JuanPaul Comments: They are DAMN confident that they are DAMN comfortable.
Published 2015
NIPPLES? What’s this obsession with nipples going around at the moment? Well by heck, we will give them so many nipples it will burn their retinas. And semi-naked muscle clad men killing some sort of beast! Now if you thought that wasn’t manly enough, we’ll give them all tashes!
Well it’s quickly coming to the end of the summer and we are graced with a final bank holiday weekend, for some of us anyway. That means one thing, honourable mentions! It’s fun times again!
These mentions are special because they aren’t actually sci-fi or fantasy proving that strange and wonderful covers can make their way into other genres.
Thanks to everyone who visits the site! We do love sharing these wonderful books. Enjoy your long weekend, or your normal short one if you have to work on Monday!
Rod Comments: Ooh yeah, sexy nukes …
Tom Comments: This book is neither fantasy nor sci-fi, but it still deserves submission for it’s title alone. It was so arresting that I snapped this pic when I spotted the book at my aunt’s house in 2004, long before Good Show Sir was extant! I feel that it must take at the very least a good deal of metrosexual courage to wear that jaunty red cap.
Good Show Sir Comments: We found this one in a second hand book shop. Not sure what killed the rat but at least he’s getting a patriotic funeral.
Good Show Sir Comments: That’s the last time I answer a musicians wanted ad in a comic book.
Good Show Sir Art Direction: “The cover has to out the door by five.
Just shoot your kid’s G.I. Joe Astronaut!”
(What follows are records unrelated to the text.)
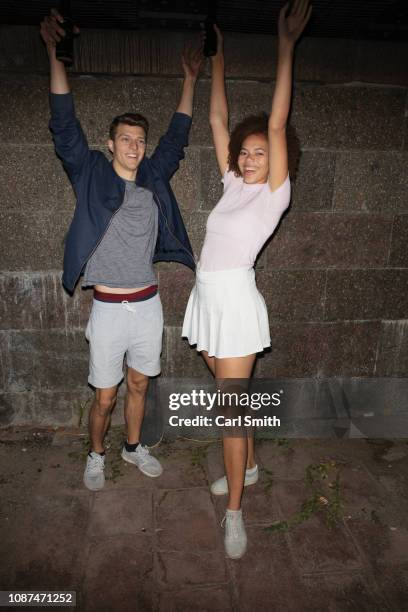 portrait exuberant young couple drinking beer and cheering - berlin nightlife stock pictures, royalty-free photos & images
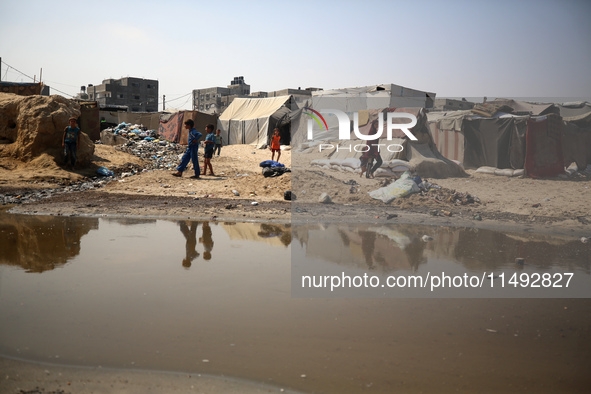 Palestinian displaced people are crossing a beach flooded with sewage water next to their tents in Deir al-Balah in central Gaza Strip, on A...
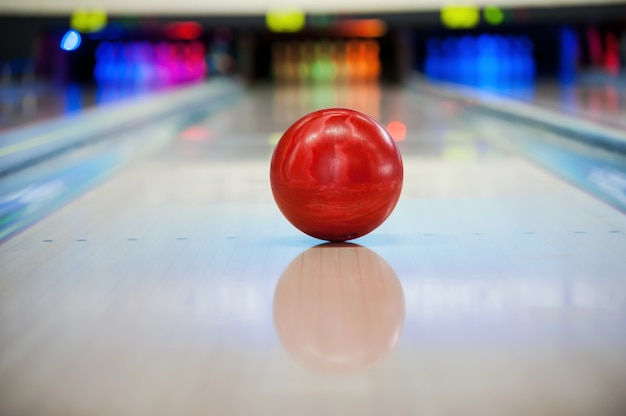 ¡Será huelga! Close-up de bola de bolos de color rojo brillante rodando a lo largo de la bolera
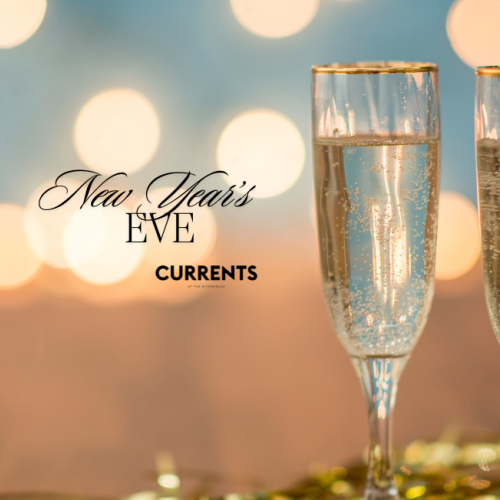 Two champagne flutes with New Year’s Eve text, against a blurred, festive background with bokeh lights.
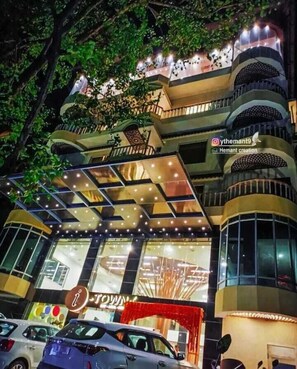 A multi-story building with a modern design, featuring balconies with railings and a large glass facade. - I Towne (Deoghar)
Published 1970 Thanks to Otis The Sci-fi Guy
Tom Noir Art Direction: “Make sure to include a guy with evil facial hair and a bad haircut. Also, we need a guy sneezing because he’s allergic to space ships.”
Published 1981
Jen comments: I was going to talk about his lack of spacesuit, or his overabundance of cleavage, or the protruding rock in space. Then I noticed that one of the strange ghost-images was smoking a cigar, and all words failed me.
Thanks to Jen! Good Find!
MisterBOB’s Art Direction: Its magical, so it glows, right! And have some chick pointing to a unicorn. No boobs! Bums are in.
Published 1989
I’m not so sure thats a chick MisterBOB!
Ian Comments: Reach for your gun! A man wearing nothing but a couple of spangly lights has just materialised and is scaring the women!